Learn important glossary terms when it comes to your court matters.

Table of Contents

1-10

1A DIVORCE - See IRRETRIEVABLE BREAKDOWN.

1B DIVORCE - See IRRETRIEVABLE BREAKDOWN.

10-DAY HEARING - A hearing that must be held within ten days after a court enters a 209A abuse prevention order ex parte, at which the defendant has an opportunity to be heard prior to a decision by the court whether to issue a further order.

30A APPEAL - The Superior Court review of a decision by an administrative agency pursuant to G.L. c. 30A. These appeals are “on the record,” i.e., based on the record of the proceeding before the administrative agency. In most cases, no new evidence is permitted. The court has the authority to affirm, remand, vacate or reverse the agency's decision. The Housing Court also has 30A jurisdiction in certain cases.
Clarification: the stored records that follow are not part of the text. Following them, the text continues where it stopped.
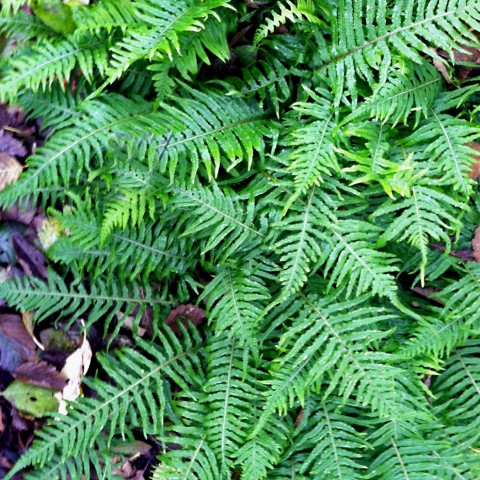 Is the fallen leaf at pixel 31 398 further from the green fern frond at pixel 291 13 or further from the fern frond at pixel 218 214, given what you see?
the green fern frond at pixel 291 13

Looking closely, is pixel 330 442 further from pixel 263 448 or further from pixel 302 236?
pixel 302 236

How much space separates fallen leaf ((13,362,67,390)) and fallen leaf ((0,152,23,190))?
998mm

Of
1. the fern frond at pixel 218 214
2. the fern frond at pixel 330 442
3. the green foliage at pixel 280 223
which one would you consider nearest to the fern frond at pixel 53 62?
the green foliage at pixel 280 223

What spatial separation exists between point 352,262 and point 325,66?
2.91ft

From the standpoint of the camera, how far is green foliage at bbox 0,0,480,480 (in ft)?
7.05

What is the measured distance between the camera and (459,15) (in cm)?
204

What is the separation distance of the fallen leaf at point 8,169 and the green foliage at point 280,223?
476mm

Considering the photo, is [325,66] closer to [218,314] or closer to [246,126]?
[246,126]

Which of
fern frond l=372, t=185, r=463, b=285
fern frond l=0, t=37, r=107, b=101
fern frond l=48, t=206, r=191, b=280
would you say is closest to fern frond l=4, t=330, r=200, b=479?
fern frond l=48, t=206, r=191, b=280

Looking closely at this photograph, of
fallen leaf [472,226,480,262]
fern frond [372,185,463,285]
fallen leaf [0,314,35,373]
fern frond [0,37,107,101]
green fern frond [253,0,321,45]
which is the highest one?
green fern frond [253,0,321,45]

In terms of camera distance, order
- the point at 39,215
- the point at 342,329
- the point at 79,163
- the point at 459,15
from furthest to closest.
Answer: the point at 39,215
the point at 79,163
the point at 342,329
the point at 459,15

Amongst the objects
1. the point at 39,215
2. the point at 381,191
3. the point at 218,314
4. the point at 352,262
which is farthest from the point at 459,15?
the point at 39,215

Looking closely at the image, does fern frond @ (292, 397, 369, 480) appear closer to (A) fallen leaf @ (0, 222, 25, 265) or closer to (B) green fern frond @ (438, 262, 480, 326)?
(B) green fern frond @ (438, 262, 480, 326)

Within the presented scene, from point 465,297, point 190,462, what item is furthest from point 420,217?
point 190,462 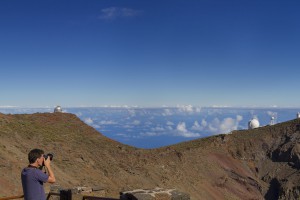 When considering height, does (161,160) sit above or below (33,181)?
below

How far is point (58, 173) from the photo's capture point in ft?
92.6

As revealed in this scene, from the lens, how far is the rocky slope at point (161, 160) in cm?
3090

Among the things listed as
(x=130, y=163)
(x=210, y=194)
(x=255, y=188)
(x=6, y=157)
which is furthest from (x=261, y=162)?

58A HEARING - See DANGEROUSNESS HEARING.

72-HOUR HEARING - A court hearing that must be held within seventy-two hours after a court grants emergency custody of a child to the Department of Children and Families (or another agency or individual) in a care and protection case.

209A - G.L. c. 209A is the Commonwealth's abuse prevention statute, intended to protect people from domestic violence. It applies to "family or household members," defined as people who are or were married to each other, are or were residing in the same household, are or were related by blood or marriage, have a child together, or are or have been in a "substantive dating or engagement relationship." Under c. 209A, the court can issue a civil restraining order requiring, inter alia, that the defendant refrain from abusing the victim, vacate the home, have no contact with the victim and turn all firearms and firearms identification cards in to local police. Although the order, often referred to as a "209A" or a "209A order," is a civil order, violation of some provisions of the order is a crime. The District Court Department, the Boston Municipal Court Department, the Probate and Family Court Department and the Superior Court Department all have jurisdiction to issue orders under c. 209A, although the Superior Court Department cannot issue orders to people whose only connection to the batterer is a "substantive dating or engagement relationship." An ex parte order may also be issued in an emergency situation when the courts are not open.

210 CASE - See TERMINATION OF PARENTAL RIGHTS.